Ledbetter, Nixa’s mayor pro tem, presided over the discussion of the facade grant program. Mayor Brian Steele recused himself from all discussion and voting because he operates a business in the downtown Nixa district. Ledbetter commended Cossey and his staff for finding the aerial photograph from 1975 and using it to broaden the scope of the facade improvement program.

“This was innovative, so I appreciate you guys doing that,” Ledbetter said.

Not all of the buildings in downtown Nixa are 44 years of age are older, but they do fall inside the boundary lines on a map drawn when the Nixa City Council initially started exploring the creation of a facade grant program.
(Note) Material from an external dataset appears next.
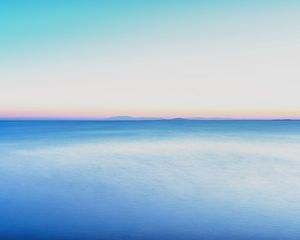 Preview wallpaper sea, horizon, view, minimalism, blue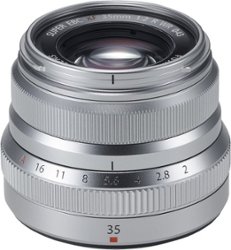 FUJINON XF 35mm f/2 R WR Standard Lens for Fujifilm X-Mount System Cameras - Silver - Front_Zoom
The downtown business owners supported the use of the 44-year-old aerial photograph.

“Just looking at that overlay was very interesting, because a lot of the buildings in the downtown area were already in there. Some of the new ones that were added to that list due to age are also in the fairway of the crossroads, it just starts to extend it out a little bit further,” Albers said.

The city council reached a compromise between defining a downtown district and allowing buildings constructed prior to 1975 to be eligible. Councilman Scott Perryman introduced an idea of a “hybrid” compromise.

“For example, everything in the downtown district regardless of age qualifies. In addition to that, anything pre-’75 qualifies outside of that district,” Perryman said.

The other council members liked Perryman’s hybrid idea so much that they directed Cossey and his staff to run with in it in preparing a bill to one day be adopted into an ordinance.

“As long as we’re feeding back to our businesses, that’s the biggest thing. As long as we’re giving facelifts to the buildings that need facelifts, that’s what I want to see,” Ledbetter said.

Nixa Chamber of Commerce Director Chris Russell also supported the possibility of offering facade improvement grants to business owners outside of the immediate downtown area.

“I love this idea that you guys are considering,” Russell said. “It has to be a part of, at some point, the greater plan to really revitalize downtown, and that’s not just Main Street south, that is basically the downtown district.”

A facade improvement grant program would be subject to annual review and budgetary restrictions by the Nixa City Council. Each year, council members would have discretion on how much money to offer up for building improvement grants.

“The money is not budgeted at this time, just for clarification. We are going to have to come back to council with whatever dollar amount we decide with a budget amendment. The last direction we have from council is to move (money) from the economic development fund, earmarked over to the budget,” Liles said. “Whatever amount we decide, we’ll bring that back for a vote.”